I’ve been contemplating this tight rope that we walk, as Christians, when we talk about ourselves.
We can focus on the positives. There’s lots of good reasons to do this. Jesus should make a change in our lives. We should not be ashamed of these changes. When others can see us excelling in a certain area, it gives them something to shoot for and look foreward to.
However, it can also lead to fake, plastic Christians. It can lead to a culture where everybody says that they are doing “great.” Even when they are not, because many of us walk around with this hidden theology: if we are struggling then it reflects somehow on our walk with Christ.
One of the many reasons that it’s tempting to go this route is that it can be really hard to hear somebody asking “How can you not know that yet? Why do you still do that? Why do you struggle with this? You are a ____________ (father, adult, leader, deacon, elder, teacher, pastor, supposedly mature Christian) How can you still struggle with this?”
Sometimes it’s appropriate to ask that question. But it’s never fun to hear it, no matter how gently or lovingly it’s posed. A person who succesfully hides his challenges does not have to answer those questions.
But the stakes become pretty high when we start to overemphasize our strengths. It can be easy to work harder and harder at not being found out. We fear (and for good reason) that we’ll impugn the whole of our testimony if who we really are is found out.

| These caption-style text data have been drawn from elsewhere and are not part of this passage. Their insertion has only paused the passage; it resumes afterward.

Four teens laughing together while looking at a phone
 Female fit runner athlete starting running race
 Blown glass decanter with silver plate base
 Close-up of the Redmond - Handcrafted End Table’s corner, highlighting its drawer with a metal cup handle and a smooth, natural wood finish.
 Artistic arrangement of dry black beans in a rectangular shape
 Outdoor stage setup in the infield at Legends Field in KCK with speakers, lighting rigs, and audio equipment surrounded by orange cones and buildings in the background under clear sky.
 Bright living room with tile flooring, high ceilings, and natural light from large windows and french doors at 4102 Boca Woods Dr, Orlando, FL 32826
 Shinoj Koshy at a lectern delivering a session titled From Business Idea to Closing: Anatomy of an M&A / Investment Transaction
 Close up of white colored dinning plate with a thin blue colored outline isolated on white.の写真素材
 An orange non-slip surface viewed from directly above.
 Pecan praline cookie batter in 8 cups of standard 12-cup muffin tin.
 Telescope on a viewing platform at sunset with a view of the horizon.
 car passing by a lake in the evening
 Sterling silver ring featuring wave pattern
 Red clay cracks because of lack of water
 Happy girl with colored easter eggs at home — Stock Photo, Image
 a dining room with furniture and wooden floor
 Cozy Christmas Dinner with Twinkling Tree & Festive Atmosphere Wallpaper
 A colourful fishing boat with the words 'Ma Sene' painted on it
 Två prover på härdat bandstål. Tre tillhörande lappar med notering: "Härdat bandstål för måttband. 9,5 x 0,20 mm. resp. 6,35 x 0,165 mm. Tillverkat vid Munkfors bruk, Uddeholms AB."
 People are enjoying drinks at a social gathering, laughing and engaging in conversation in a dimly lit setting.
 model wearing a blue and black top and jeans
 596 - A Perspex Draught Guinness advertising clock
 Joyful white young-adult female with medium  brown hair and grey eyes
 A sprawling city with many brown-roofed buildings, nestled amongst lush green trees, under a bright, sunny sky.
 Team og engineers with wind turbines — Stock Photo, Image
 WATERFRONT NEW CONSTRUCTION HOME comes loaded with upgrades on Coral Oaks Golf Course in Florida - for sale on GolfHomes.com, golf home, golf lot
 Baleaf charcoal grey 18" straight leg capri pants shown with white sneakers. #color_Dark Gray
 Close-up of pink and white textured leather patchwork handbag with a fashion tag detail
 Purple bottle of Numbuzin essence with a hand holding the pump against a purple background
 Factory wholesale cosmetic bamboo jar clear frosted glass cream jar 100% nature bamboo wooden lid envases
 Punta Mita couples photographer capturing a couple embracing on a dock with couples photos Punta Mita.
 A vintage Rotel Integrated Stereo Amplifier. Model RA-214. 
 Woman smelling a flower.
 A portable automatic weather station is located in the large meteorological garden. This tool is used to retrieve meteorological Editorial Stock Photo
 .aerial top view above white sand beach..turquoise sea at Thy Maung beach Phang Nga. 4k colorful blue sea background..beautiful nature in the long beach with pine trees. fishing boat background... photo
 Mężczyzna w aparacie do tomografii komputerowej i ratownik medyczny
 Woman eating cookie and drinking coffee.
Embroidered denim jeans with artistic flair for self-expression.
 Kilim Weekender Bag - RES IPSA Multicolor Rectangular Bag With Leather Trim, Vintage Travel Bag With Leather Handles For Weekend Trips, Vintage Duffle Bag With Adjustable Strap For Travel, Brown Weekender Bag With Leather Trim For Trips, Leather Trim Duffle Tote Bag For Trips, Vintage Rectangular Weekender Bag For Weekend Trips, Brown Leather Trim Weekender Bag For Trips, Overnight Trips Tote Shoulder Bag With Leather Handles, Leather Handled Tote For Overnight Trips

On the other hand, if we over emphasize our struggles, we also wander into a mine field. It can be legitimate to ask, “Jiust what work is Jesus doing in their life? What’s the point of becoming a Christian at all? Look at that dude, how has it helped him?”
Sometimes, I think we can tend to wallow in our weaknesses. We emergent Christians tend to not have very good boundaries. Some of us just vomit up all our struggles in the wrong place and time. A thing I’m trying to navigate– and I’d love your insight on– is this:
How can we discern when discussing our struggles is productive, and when discussing our struggles is just going to emphasize them, enhance them, increase them?
There’s this unspoken belief, that we should talk about everything.
That’s probably true. But it doesn’t follow that we should talk about everything all the time. There is a point that we need to put away our sadness, depression, and challenges. There comes a time when we just make things worse by focusing on them, over and over and over again.
How do we know when that time is?
I think much of these tensions are resolved by recognizing that all “our” accomplishments are through Christ.
If it appears that I have conquered a thing, I don’t deserve any credit. It’s Christ in me that really accomplished it. And when I am still struggling with a thing, it’s only Christ in me that will end my struggles.